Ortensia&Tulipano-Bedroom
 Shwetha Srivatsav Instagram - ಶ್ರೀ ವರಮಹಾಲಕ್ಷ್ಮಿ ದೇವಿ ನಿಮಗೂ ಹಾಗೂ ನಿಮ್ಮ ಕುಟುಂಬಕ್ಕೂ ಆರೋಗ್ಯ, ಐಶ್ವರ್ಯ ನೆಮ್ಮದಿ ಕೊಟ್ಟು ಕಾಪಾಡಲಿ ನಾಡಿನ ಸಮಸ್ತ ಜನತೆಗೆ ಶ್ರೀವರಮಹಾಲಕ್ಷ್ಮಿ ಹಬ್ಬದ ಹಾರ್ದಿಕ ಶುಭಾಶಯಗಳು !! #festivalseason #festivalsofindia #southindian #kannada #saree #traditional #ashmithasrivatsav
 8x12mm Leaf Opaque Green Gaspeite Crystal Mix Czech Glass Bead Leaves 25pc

[Work request]: What belongs in the answer is the line with "Shwetha Srivatsav Instagram" plus every later line of the listing, copied word for word and nothing besides.

[Reply]:
 Shwetha Srivatsav Instagram - ಶ್ರೀ ವರಮಹಾಲಕ್ಷ್ಮಿ ದೇವಿ ನಿಮಗೂ ಹಾಗೂ ನಿಮ್ಮ ಕುಟುಂಬಕ್ಕೂ ಆರೋಗ್ಯ, ಐಶ್ವರ್ಯ ನೆಮ್ಮದಿ ಕೊಟ್ಟು ಕಾಪಾಡಲಿ ನಾಡಿನ ಸಮಸ್ತ ಜನತೆಗೆ ಶ್ರೀವರಮಹಾಲಕ್ಷ್ಮಿ ಹಬ್ಬದ ಹಾರ್ದಿಕ ಶುಭಾಶಯಗಳು !! #festivalseason #festivalsofindia #southindian #kannada #saree #traditional #ashmithasrivatsav
 8x12mm Leaf Opaque Green Gaspeite Crystal Mix Czech Glass Bead Leaves 25pc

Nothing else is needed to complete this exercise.